Once again, I’m in a minority. According to “overnight data”, only 56 million of us Brits did not watch the final episode of Gavin and Stacey, while 12.3 million did. Even The Guardian TV reviewer gave the show five stars, albeit using words like denouement and cathartic perfection in so doing to describe a TV show. Having made a few failed attempts to watch the show over the years – I found it every bit as funny as a typical show by Victoria Wood, so not funny at all – I do know that Gavin and Stacey is kinder and gentler than the guttural right wing media would have us believe and maybe there’s a lesson within that for all of us.

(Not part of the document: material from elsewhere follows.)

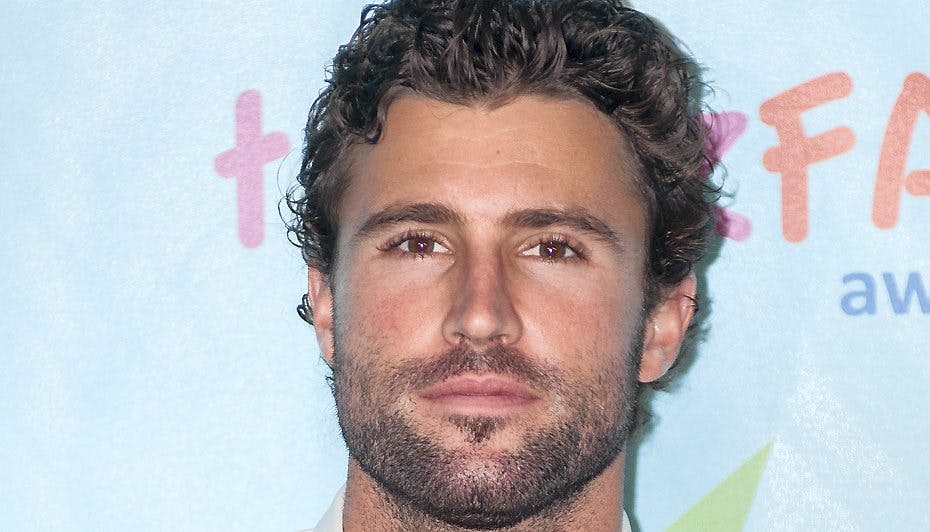 Brody Jenner var arbejdsramt, da stedsøsteren blev gift med Kanye West.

I have also not bothered to watch King Brian’s Christmas message, but I have read the transcript. Apart from the usual banalities, the old boy actually had some interesting thoughts about how some communities rose up to help quell the summer of violence after the post Southport riots. The fact that the usual suspects on the populist right have attacked Brian’s “wokery” suggests he got something right. Gavin and Stacey, along with King Brian, doing their bit to make Britain a kinder and gentler place? I’d like to think so.
While a couple of TV shows won’t change the world, it was still a helpful reminder that perhaps all is not lost. We live in times when a fascist Russian dictator, Vladimir Putin, is waging war against Ukraine. Death and destruction dominates the Middle East, a right wing demagogue, Donald Trump, is about to unleash chaos and carnage across much of the world and, following the right wing populist theme, Europe, including the UK, is dabbling with the fascism our forefathers fought and died to defeat. We find hope where we can.

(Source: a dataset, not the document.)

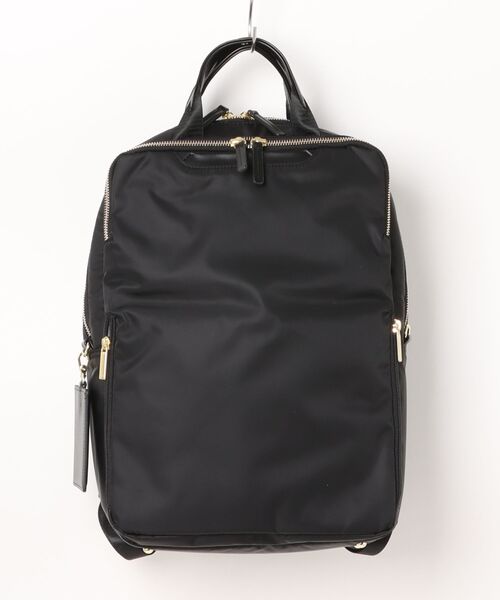 ace.(エース)の「【ace. GENE/エースジーン】 フィッテム ビジネスリュック 17L(20L) レディースビジネス A4(バックパック/リュック・レディース・ブラック/ベージュ/チャコール/ネイビー・FREE)」の9枚目の写真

What I loved about Christmas was the familiar. The being with family. The exchange of presents. The Christmas dinner together. No edge, no argument, just togetherness that rarely happens again throughout the year. One thing that was absent was a toast to absent friends.
Actually, it wasn’t just the toast to absent friends we forgot, it was the Yorkshire Puddings we meant to serve with the untraditional Roast Beef dinner. In truth, neither really mattered, at least not to me. Of course, I miss my elders who died long ago and, in some kind of imaginary world, I would have liked to have had them all round the table, though not with the dreadful illnesses and conditions that took them from us, which rather made their latter years so tough to bear, mainly for them, but also to us. I’m going to develop this theme, very briefly.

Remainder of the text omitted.